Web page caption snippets
[Start of section]
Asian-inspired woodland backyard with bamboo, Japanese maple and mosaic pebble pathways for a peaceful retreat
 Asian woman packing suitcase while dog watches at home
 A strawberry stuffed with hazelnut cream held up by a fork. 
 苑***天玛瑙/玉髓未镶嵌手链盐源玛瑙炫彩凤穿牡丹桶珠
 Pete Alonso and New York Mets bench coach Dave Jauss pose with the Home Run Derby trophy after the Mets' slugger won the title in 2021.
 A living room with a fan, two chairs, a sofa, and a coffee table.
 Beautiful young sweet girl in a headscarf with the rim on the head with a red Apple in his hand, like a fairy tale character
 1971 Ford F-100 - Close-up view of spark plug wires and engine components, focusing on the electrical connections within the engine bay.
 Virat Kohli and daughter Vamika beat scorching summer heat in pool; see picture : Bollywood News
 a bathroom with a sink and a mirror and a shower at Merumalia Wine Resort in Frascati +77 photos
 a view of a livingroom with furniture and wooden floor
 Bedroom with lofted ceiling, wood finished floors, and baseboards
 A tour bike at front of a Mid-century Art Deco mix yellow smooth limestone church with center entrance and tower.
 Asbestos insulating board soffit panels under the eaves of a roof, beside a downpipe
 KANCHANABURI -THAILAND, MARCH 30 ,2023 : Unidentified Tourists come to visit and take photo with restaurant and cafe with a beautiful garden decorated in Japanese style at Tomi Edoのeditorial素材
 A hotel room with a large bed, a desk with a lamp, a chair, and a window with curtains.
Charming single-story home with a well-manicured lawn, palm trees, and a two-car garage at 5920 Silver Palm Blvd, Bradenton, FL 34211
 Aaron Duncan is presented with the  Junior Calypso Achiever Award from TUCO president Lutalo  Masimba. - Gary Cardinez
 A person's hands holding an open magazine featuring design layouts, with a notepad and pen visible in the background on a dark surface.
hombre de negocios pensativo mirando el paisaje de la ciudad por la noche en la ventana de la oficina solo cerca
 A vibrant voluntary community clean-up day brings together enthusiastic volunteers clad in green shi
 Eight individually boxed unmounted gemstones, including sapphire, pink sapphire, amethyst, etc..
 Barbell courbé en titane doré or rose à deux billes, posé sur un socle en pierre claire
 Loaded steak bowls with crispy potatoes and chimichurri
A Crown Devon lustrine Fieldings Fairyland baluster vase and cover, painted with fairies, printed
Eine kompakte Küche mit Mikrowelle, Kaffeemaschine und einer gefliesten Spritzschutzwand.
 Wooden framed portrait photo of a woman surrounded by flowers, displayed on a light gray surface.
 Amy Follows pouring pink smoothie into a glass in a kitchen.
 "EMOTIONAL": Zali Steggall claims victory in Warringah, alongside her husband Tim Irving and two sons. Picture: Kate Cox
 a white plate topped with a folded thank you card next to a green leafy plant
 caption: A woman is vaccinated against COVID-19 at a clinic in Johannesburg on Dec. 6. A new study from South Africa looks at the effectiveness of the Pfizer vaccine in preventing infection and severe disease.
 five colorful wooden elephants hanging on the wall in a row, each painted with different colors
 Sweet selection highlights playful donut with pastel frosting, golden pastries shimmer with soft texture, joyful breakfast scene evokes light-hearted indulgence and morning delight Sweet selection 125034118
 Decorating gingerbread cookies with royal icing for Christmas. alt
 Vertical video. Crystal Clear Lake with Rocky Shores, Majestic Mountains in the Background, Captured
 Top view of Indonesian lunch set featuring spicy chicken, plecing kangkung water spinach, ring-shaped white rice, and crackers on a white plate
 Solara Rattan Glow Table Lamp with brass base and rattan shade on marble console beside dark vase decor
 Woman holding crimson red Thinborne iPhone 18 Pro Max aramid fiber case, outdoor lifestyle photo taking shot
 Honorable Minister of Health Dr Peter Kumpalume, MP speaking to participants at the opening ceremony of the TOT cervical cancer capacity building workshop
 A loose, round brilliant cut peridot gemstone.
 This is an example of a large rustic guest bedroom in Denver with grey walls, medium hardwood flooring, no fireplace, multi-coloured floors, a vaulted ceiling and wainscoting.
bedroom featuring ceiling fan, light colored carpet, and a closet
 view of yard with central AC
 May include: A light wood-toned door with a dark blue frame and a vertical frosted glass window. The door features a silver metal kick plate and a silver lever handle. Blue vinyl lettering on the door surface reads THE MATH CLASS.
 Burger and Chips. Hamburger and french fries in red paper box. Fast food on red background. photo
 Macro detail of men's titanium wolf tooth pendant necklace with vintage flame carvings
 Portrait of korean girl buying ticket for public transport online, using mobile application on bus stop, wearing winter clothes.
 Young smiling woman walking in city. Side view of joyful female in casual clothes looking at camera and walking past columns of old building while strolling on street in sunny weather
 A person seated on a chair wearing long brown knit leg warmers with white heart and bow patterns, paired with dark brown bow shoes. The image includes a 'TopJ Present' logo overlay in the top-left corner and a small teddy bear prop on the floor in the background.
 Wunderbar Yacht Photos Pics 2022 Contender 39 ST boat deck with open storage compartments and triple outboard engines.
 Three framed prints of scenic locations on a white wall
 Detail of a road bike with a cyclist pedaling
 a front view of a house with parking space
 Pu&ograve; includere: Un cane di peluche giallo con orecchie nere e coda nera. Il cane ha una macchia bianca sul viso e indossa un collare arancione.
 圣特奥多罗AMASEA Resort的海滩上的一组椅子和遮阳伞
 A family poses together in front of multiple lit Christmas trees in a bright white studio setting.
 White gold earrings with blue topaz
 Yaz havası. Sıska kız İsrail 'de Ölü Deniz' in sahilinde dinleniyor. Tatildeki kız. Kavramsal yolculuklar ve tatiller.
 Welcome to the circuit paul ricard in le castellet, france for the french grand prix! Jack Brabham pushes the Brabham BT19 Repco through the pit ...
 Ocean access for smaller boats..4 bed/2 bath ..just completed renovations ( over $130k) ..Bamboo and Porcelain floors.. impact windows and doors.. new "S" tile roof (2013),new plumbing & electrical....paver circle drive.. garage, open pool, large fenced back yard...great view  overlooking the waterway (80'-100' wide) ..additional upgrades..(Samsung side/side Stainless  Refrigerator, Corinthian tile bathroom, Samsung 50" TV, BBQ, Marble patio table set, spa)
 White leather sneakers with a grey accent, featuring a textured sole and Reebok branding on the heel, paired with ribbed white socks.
[End of section]
ABOUT THIS EXERCISE — Look above for the line with "Picture: Kate Cox" and the line with "Woman holding crimson". Write out those two lines and all the lines between them, exactly, and no others.

RESPONSE FOR THIS EXERCISE —
 "EMOTIONAL": Zali Steggall claims victory in Warringah, alongside her husband Tim Irving and two sons. Picture: Kate Cox
 a white plate topped with a folded thank you card next to a green leafy plant
 caption: A woman is vaccinated against COVID-19 at a clinic in Johannesburg on Dec. 6. A new study from South Africa looks at the effectiveness of the Pfizer vaccine in preventing infection and severe disease.
 five colorful wooden elephants hanging on the wall in a row, each painted with different colors
 Sweet selection highlights playful donut with pastel frosting, golden pastries shimmer with soft texture, joyful breakfast scene evokes light-hearted indulgence and morning delight Sweet selection 125034118
 Decorating gingerbread cookies with royal icing for Christmas. alt
 Vertical video. Crystal Clear Lake with Rocky Shores, Majestic Mountains in the Background, Captured
 Top view of Indonesian lunch set featuring spicy chicken, plecing kangkung water spinach, ring-shaped white rice, and crackers on a white plate
 Solara Rattan Glow Table Lamp with brass base and rattan shade on marble console beside dark vase decor
 Woman holding crimson red Thinborne iPhone 18 Pro Max aramid fiber case, outdoor lifestyle photo taking shot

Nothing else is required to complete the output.